Material for this task
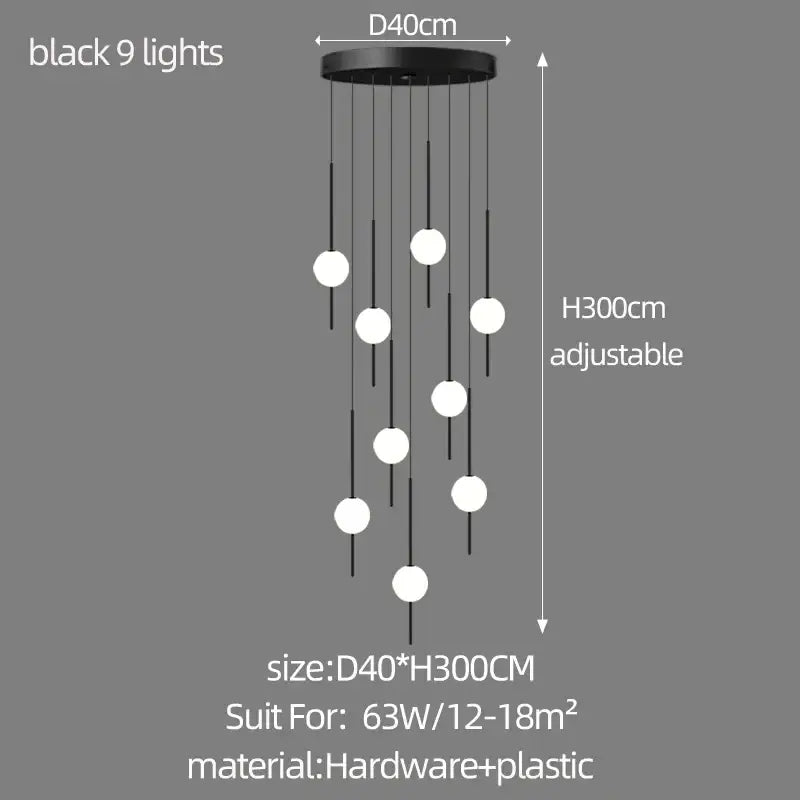 Modern minimalist black & white creative led chandeliers living room
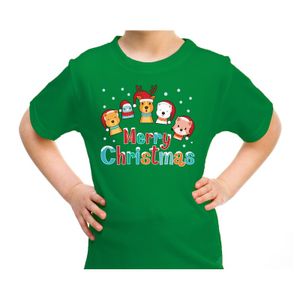 Fout kerst shirt / t-shirt dieren Merry christmas groen kids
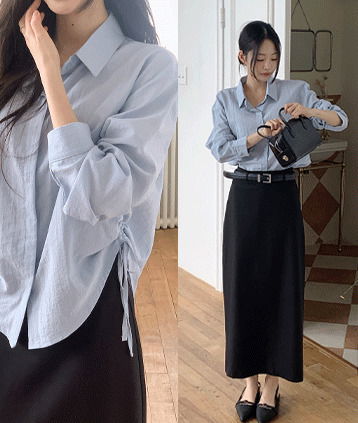 포에스트링셔츠nb (허리잘록,스트라이프,슬림핏셔츠)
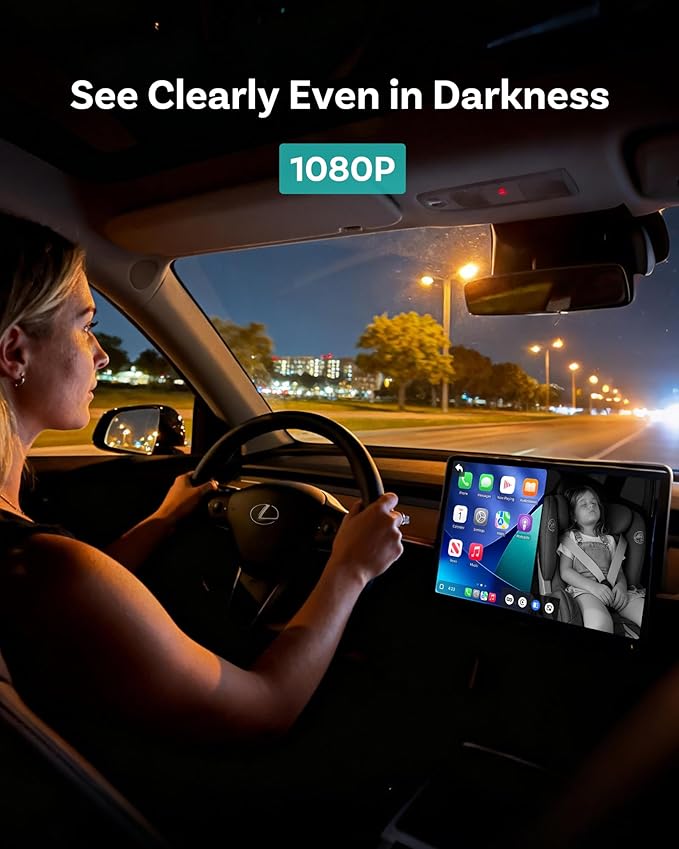 OTTOCAST Cabin Care Adapter 2026,2-in-1 Baby Car Camera & Wireless CarPlay Adapter-No Extra Screen Needed,1080P Car Baby Monitor for No-Glow Night Vision,150°Wide Angle,Plug&Play(No Android Support)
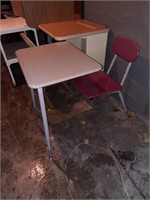 Student Desk with attached  Pink Chair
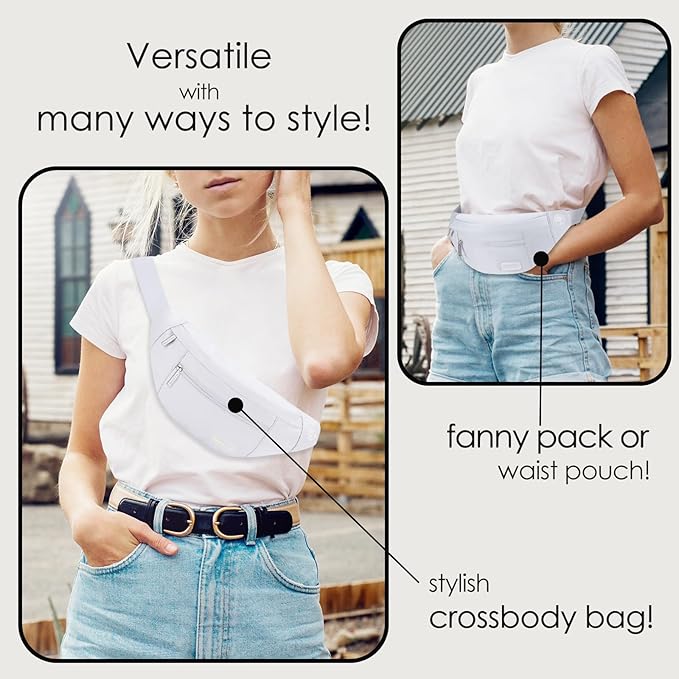 Large White Fanny Pack Sling Bag Trendy Travel Essentials for Women Men | Stylish,4-Zipper Pockets,Adjustable Belt,Fashion Cross Body Bag for Enjoy Yoga Traveling Workout Running Shopping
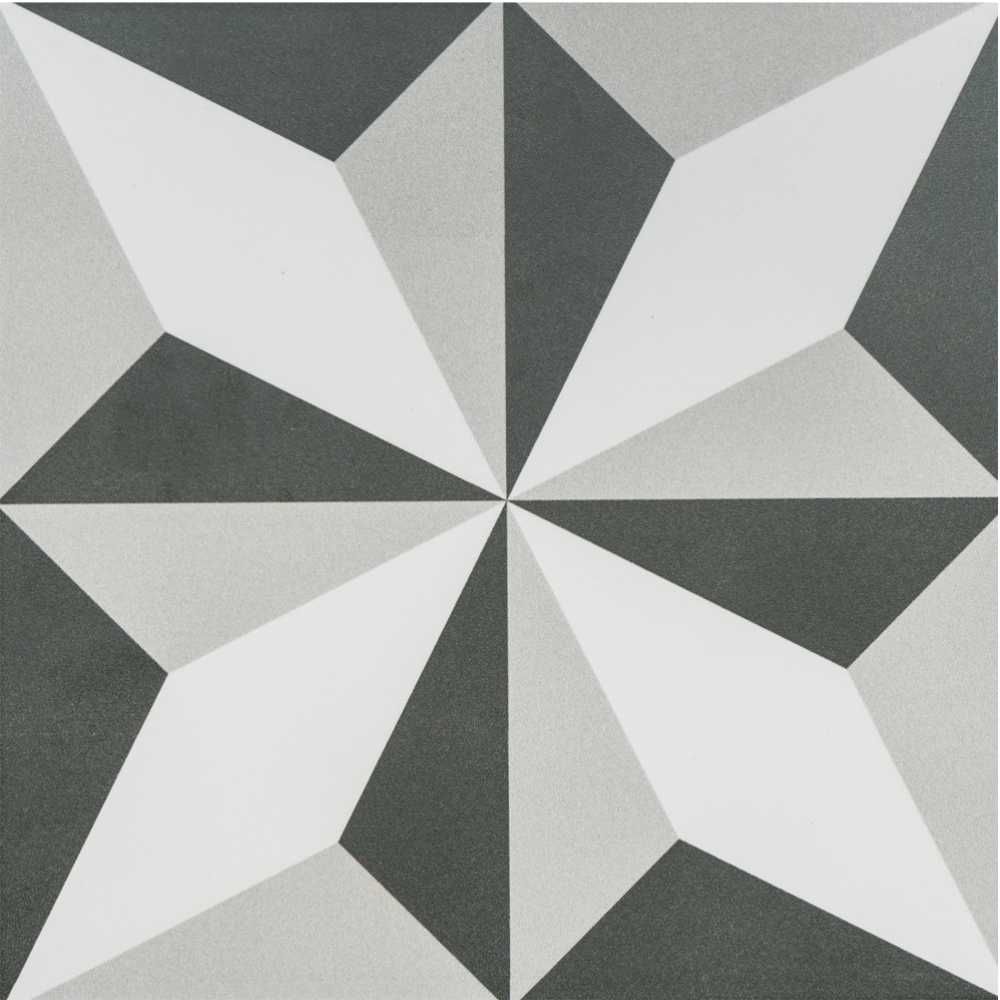 Estrella 10"x10" Negro Porcelain Matte Tile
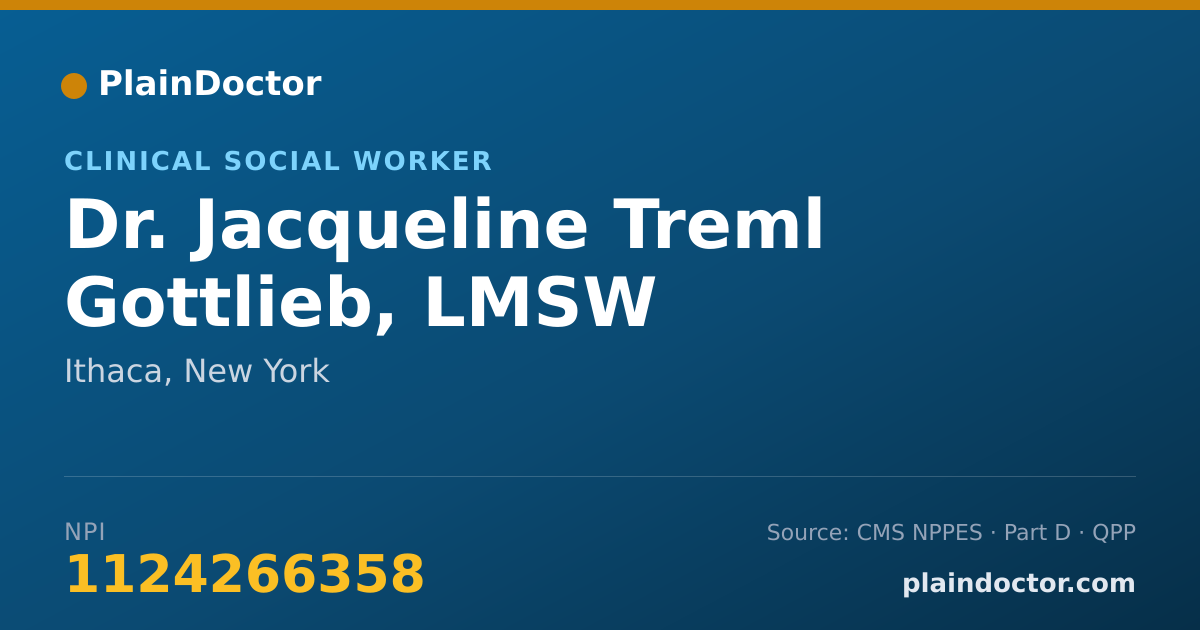 Shareable card for Jacqueline Treml Gottlieb, LMSW - Clinical Social Worker, Ithaca, NY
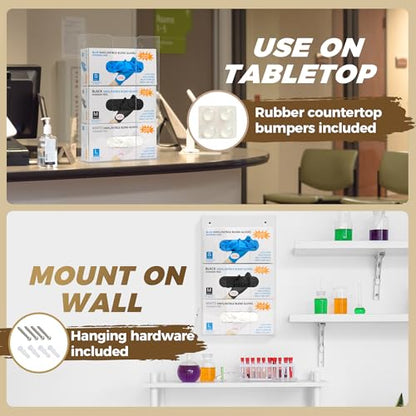 Storage Standard Triple Glove Box Holder Dispenser - Kitchen, Medical, & Latex Glove Holder Wall Mount or Countertop, Universal Fit - Thick Acrylic, Easy to Use, Slide, & Load Open Top Design - Clear - color: Clear - Triple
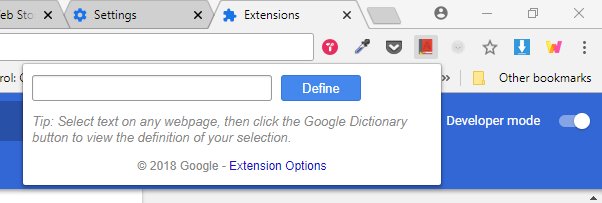 GOOGLE DICTIONARY!!! Saves a lot of time from opening a new tab just for defining a small word, honestly. Don't add another tab to your long list with this extension!!! https://chrome.google.com/webstore/detail/google-dictionary-by-goog/mgijmajocgfcbeboacabfgobmjgjcoja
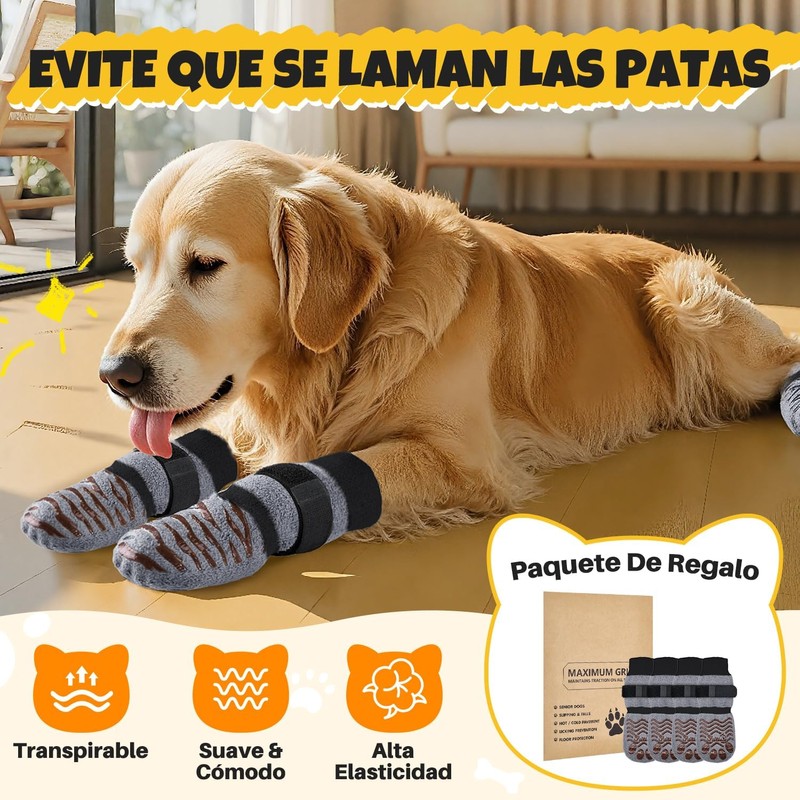 SlowTon Calcetines Antideslizantes para Perros, 4/6 Piezas Doble Cara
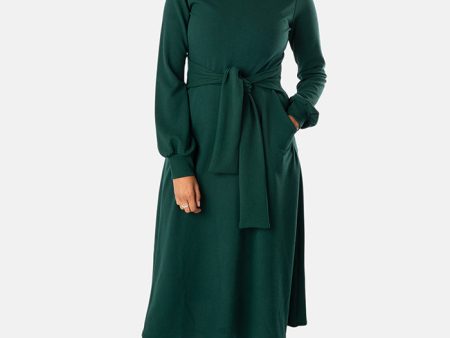 Emmy Bottle Green Midi Dress on Sale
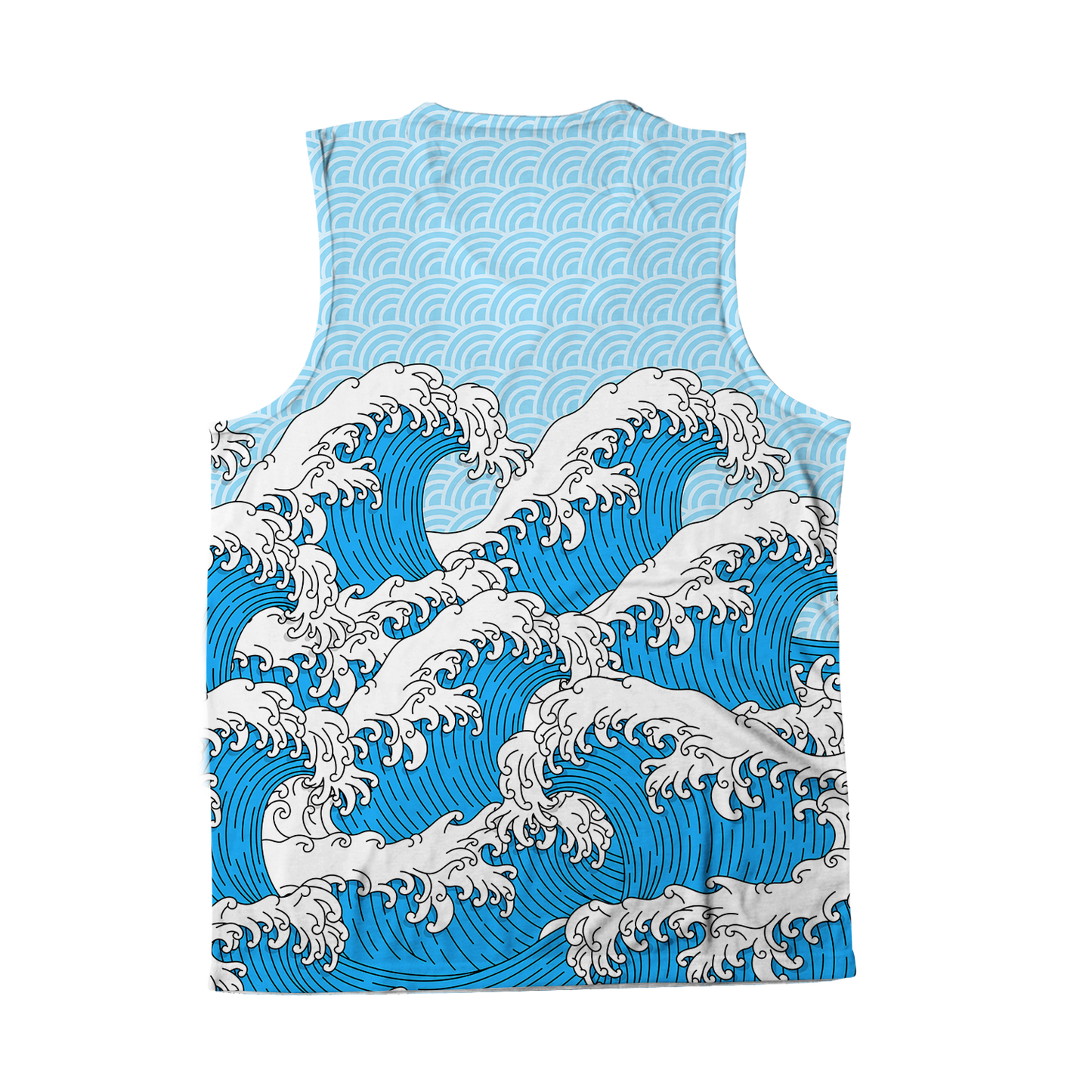 Retro Waves All Over Print Sleeveless Tee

What to do
Your task is to copy the entries in full and exactly, without any images.

Answer space
 Modern minimalist black & white creative led chandeliers living room
 Fout kerst shirt / t-shirt dieren Merry christmas groen kids
 포에스트링셔츠nb (허리잘록,스트라이프,슬림핏셔츠)
 OTTOCAST Cabin Care Adapter 2026,2-in-1 Baby Car Camera & Wireless CarPlay Adapter-No Extra Screen Needed,1080P Car Baby Monitor for No-Glow Night Vision,150°Wide Angle,Plug&Play(No Android Support)
 Student Desk with attached  Pink Chair
 Large White Fanny Pack Sling Bag Trendy Travel Essentials for Women Men | Stylish,4-Zipper Pockets,Adjustable Belt,Fashion Cross Body Bag for Enjoy Yoga Traveling Workout Running Shopping
 Estrella 10"x10" Negro Porcelain Matte Tile
 Shareable card for Jacqueline Treml Gottlieb, LMSW - Clinical Social Worker, Ithaca, NY
 Storage Standard Triple Glove Box Holder Dispenser - Kitchen, Medical, & Latex Glove Holder Wall Mount or Countertop, Universal Fit - Thick Acrylic, Easy to Use, Slide, & Load Open Top Design - Clear - color: Clear - Triple
 GOOGLE DICTIONARY!!! Saves a lot of time from opening a new tab just for defining a small word, honestly. Don't add another tab to your long list with this extension!!! https://chrome.google.com/webstore/detail/google-dictionary-by-goog/mgijmajocgfcbeboacabfgobmjgjcoja
 SlowTon Calcetines Antideslizantes para Perros, 4/6 Piezas Doble Cara
 Emmy Bottle Green Midi Dress on Sale
 Retro Waves All Over Print Sleeveless Tee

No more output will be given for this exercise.